The data
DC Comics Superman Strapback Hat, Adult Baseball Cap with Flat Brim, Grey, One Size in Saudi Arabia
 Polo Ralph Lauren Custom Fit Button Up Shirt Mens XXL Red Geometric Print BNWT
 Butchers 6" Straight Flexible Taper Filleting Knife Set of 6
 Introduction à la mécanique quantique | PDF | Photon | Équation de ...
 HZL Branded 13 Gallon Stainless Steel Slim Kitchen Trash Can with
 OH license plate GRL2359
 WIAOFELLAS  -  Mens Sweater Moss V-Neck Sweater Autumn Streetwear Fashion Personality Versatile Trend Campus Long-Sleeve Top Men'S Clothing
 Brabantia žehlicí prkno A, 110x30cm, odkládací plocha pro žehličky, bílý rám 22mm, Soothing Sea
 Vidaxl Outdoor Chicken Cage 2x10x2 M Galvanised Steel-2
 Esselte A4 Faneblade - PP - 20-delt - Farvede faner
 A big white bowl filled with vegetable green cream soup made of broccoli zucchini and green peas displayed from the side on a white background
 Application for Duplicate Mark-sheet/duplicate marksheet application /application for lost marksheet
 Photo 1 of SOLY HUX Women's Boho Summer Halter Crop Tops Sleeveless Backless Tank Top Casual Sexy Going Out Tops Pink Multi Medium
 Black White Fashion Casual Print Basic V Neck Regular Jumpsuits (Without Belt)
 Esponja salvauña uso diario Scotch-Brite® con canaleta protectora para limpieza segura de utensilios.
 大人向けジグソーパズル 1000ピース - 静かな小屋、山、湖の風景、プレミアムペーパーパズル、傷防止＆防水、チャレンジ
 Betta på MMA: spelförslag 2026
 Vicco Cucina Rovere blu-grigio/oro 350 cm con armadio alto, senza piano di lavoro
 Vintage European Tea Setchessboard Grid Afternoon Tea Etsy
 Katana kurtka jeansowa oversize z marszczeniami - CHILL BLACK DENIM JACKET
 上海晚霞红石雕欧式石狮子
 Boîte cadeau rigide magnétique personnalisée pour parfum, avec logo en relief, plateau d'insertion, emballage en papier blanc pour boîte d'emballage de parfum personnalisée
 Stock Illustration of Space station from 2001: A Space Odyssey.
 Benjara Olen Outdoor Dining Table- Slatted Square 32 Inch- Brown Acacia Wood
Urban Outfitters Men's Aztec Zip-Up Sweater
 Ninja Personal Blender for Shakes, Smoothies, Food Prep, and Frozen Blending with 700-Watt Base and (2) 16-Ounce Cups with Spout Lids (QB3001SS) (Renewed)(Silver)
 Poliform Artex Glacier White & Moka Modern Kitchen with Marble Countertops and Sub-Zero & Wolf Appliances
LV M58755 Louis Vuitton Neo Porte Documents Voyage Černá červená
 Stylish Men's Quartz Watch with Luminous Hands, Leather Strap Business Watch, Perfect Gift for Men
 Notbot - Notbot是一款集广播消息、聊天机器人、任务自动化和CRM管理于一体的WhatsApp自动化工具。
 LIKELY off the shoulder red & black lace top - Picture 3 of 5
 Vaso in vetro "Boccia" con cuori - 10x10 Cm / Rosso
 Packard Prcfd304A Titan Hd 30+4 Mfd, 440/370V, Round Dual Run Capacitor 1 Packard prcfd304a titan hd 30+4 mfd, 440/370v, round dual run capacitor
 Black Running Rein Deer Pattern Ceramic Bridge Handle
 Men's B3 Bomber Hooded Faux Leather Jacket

Your instructions
Your task is to transcribe the line containing "Run Capacitor 1" and every line after it, through the last line of the data, exactly as written and with nothing more.

Written answer
 Packard Prcfd304A Titan Hd 30+4 Mfd, 440/370V, Round Dual Run Capacitor 1 Packard prcfd304a titan hd 30+4 mfd, 440/370v, round dual run capacitor
 Black Running Rein Deer Pattern Ceramic Bridge Handle
 Men's B3 Bomber Hooded Faux Leather Jacket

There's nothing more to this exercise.